July 3, 2024

FERRARI’S UPGRADE VERDICT MAKES THIS LETDOWN MORE PUZZLING

Considering it had a deficit of over three tenths to the lead Ferrari and lead Red Bull, and its drivers were just 0.005s apart, the Ferrari is either Formula 1’s fourth-quickest car at Barcelona or, at the very best, a marginal third.

This is worse than it would’ve been expected to go at the Spanish Grand Prix on the overall trend of the season. But, given it introduced a major upgrade at Barcelona, that at least offers a clear potential reason. Surely the new version of the SF-24 is coming up short somewhere, either through miscorrelation or just not being fully optimised?

Leclerc dug his weekend out from a sketchy place after “a very difficult time” on Friday – and was lucky to escape penalty for a major FP3 indiscretion. But though he was “a bit late getting into the rhythm”, he felt he was in that rhythm come qualifying – the laptime just didn’t come.

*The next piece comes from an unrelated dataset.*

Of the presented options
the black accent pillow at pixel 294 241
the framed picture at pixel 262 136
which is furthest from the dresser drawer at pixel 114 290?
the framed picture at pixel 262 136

“The pace is just not there,” he remarked, bluntly. “I am happy in a way with the progress, of the feeling I had from yesterday to today, which I think will pay off in the race. I am not happy – and I am disappointed – with the pace of the car today in qualifying, because we are further away than what we had anticipated.”

But the upgrade, encompassing a new high-downforce rear wing and beam wing set-up plus changes to the sidepods and floor? That’s working, he claimed.

“The upgrade that we brought is doing what it’s supposed to do. It’s a good step forward,” Leclerc insisted.

“There’s more optimisation with this new package that we can do – but I wouldn’t take that as an excuse. I think we are just lacking a little bit of pace this weekend.

“It felt good [to drive].

“What I can say is that this upgrade was a performance upgrade and not a driveability [ride quality] upgrade. So… what we’ve seen is bringing performance to the car, for sure, 100%. And we are seeing the numbers that we expected.”

Leclerc acknowledged it’s “always a relative sport”, but didn’t seem to put much stock in the idea that perhaps the likes of McLaren and Mercedes have simply been even more aggressive with their developments.